"Gods die. And when they truly die they are unmourned and unremembered. Ideas are more difficult to kill than people, but they can be killed, in the end."

-Odin, American Gods

(There are those who say that Odin is descended from Hermes.)

They worship their god of crows and of death, the messenger who knows all, the one who no fall will ever kill, he who sees all but cannot be seen, the transporter, the wanderer, the outcast. They call him Scar-Face, Gallows-God, War-Monger, He Who Died and Was Reborn.

(They say he is one of Hermes's sons.)

This their supreme ruler, he who fought and killed the old orders, the old gods. He who brought even the mighty stormbringer under his power. The god of deals and riddles and rules, the god who speaks in lies and gambles in death. The god of a thousand thousand bastard children, himself an abandoned bastard child. The legends tell of how he blesses ships at sea and curses those who do not offer sacrifice in his name. The stories proclaim of how he came into power. How he died willingly to pursue wisdom and power, knowing he would be reborn when his enemies least expected it. How he still bore the cursed wound in his side even as he tore down the cold, ancient rulers and began again.

(They say his mother could see all and his father could tell all, those who do not say that he came from nowhere and has always been.)

He has many names. Castle-lord, Poets' Tongue, Son of the Forgotten Lord, Bringer of Rumor and War, Friend to Monsters, Breaker of Horses. Psychopomp. The legends call the man Death-Dealer, Back-Biter, Two-Sided, Killer of All, but this is mere mistranslation; they say that his sword alone is the soul of wrath. The one sometimes called All-Father allows this; he must. He knows everything there is to know, and if it displeased him surely he would have eradicated it by now. Just look at the legends of his golden-haired, far-seeing Weaver's Daughter wife who can build a great mead hall on any land; these days there are barely even whispers that she ever might have resisted his advances. These days the mortals only assume she must love him as he loves her.

(Though the connection to the crow-blest psychopomp is not hard to make, people do not often dare to do so; to repeat these whispers is to take one's life into one's hands.)

Memory is a tricky thing, enslaved to the Castle-Lord as it is; funny how no one remembers the names of that son of the sea, that city of giants and wanderers with a lady of bronze guarding its hallowed harbor.

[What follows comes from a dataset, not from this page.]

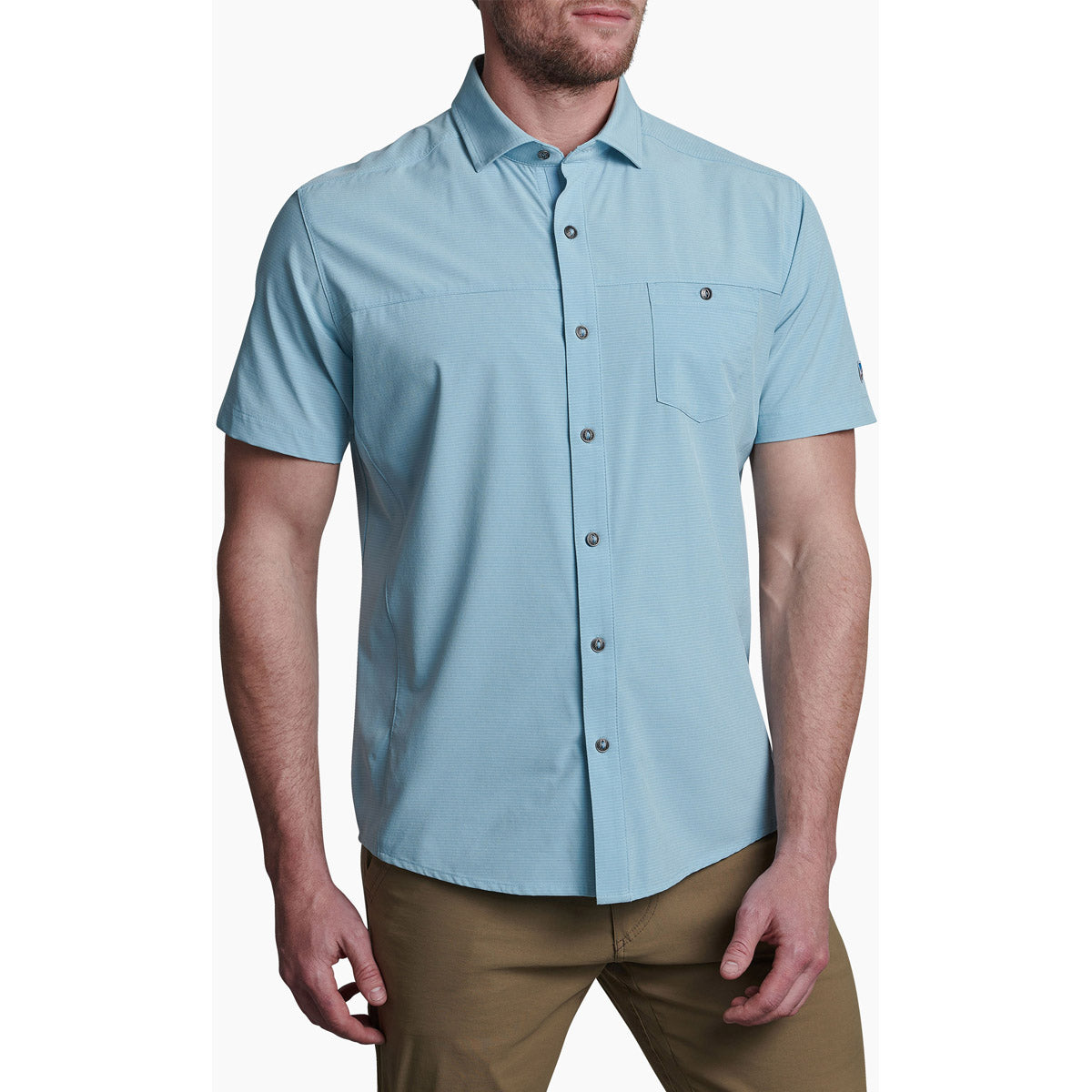 Kuhl Men&#39;s Optimizr Short Sleeve Carolina Blue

There was something that came before, and it was destroyed, but it's gone now so why should anyone bother with the past? The god living his second life brought his chosen people back to a time of mead and fire and the might of a man's sword being law, eradicating the terrible cold giants that dared scrape at the sky and (so he says) stole men's souls with the power of their touch. He had brothers, yes, but they were sold off to other lands. His wife had other suitors, some with eyes like the sea, but their names are lost to time and anyway no one should care.

(This is, of course, just nonsense. How can the Father of All have a father of his own?)

And yet still the whispers go on. The future does not bend to the Wanderer's crows the way the past does. He can only see what is to come; all attempts to change it are, ultimately, futile. Apollo's serpent stirs. Ares's wolf shifts in its bonds. Persephone cannot be denied forever. A thief will always outsmart himself if left alone too long. The people whisper: the All-Seeing One cannot keep this tyranny up forever. The day is coming when the old order will break free once more.

(When it does, the sea-wanderer with the scar on his face will not find Elysium waiting for him inside the belly of the beast.)


A/N: This was inspired by the fact that Norse myth scholars do, in fact, think that the concept of Odin is descended from Hermes and that Frigga is descended from Athena-I just took the whole "descended from" concept and made it more literal, as a little speculation on the fact that Norse myth is never mentioned anywhere in the Percy Jackson series and yet could theoretically still exist in that world. Castle-lord and poet-tongue are translations of "Castellan" and "Luke," respectively, and are also titles for Odin. I don't own the works of Rick Riordan or Neil Gaiman, nor yet any gods.